Теперь оппоненты пытаются извлечь выгоду из ослабевающей воли и уверенности Америки. Несвязанные необходимостью искать национальный консенсус и использовать все дипломатические инструменты, прежде чем применять военную силу под самыми различными предлогами, враги Америки пытаются поставить нас в тупик. К примеру, президент России Владимир Путин, осознавая, какими могут оказаться экономические и политические последствия открытого вторжения на Украину, очевидно, решил ограничиться разжиганием в этой стране беспорядков, которые помешают Евросоюзу и НАТО принять ее в свои члены. И он может продолжать действовать в таком ключе бесконечно. Тем не менее, США отстают от него ровно на один шаг, разрабатывая экономические санкции и реагируя на предыдущие маневры Путина вместо того, чтобы просчитать его следующий шаг.
Тем не менее, слухи о закате Америки, возможно, являются несколько преждевременными. Поскольку США до сих пор обладают достаточной экономической и военной силой, чтобы быть мировой сверхдержавой, некоторые аналитики по вопросам внешней политики и национальной безопасности считают, что Америку ожидает еще несколько десятилетий господства в мире. Однако они упускают главное: вопрос заключается не в том, обладают ли США необходимым запасом ресурсов для того, чтобы быть сверхдержавой, а в том, есть у них для этого уверенность и желание.
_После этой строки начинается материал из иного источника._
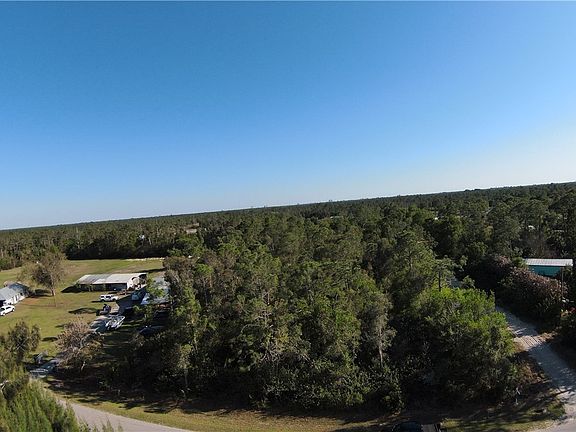 4th image of Western Acres Rd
Президентские выборы 2016 года станут ключевым сигналом. Вопросы внешней политики и политики безопасности будут играть довольно ограниченную роль в этой кампании. И в этом нет ничего необычного, особенно учитывая то, что между двумя партиями существует некий консенсус относительно роли Америки в мире. Однако если один или оба кандидата будут открыто выступать за отсоединение США от остального мира — если лозунг Джорджа МакГоверна (George McGovern) «Вернись домой, Америка» 1972 года снова вернется в мейнстрим политического дискурса — это докажет, что США больше не хотят быть сверхдержавой и что сейчас происходит формирование совершенно иной системы международной безопасности. Так и произойдет, если кандидат от Республиканской партии выступит за уменьшение роли Америки в мире. В этом случае станет очевидным то, что утрата желания и уверенности — это не просто «эффект Обамы», а возвращение к американской исторической норме, предполагающей выборочное, эпизодическое участие в системе поддержки глобальной безопасности.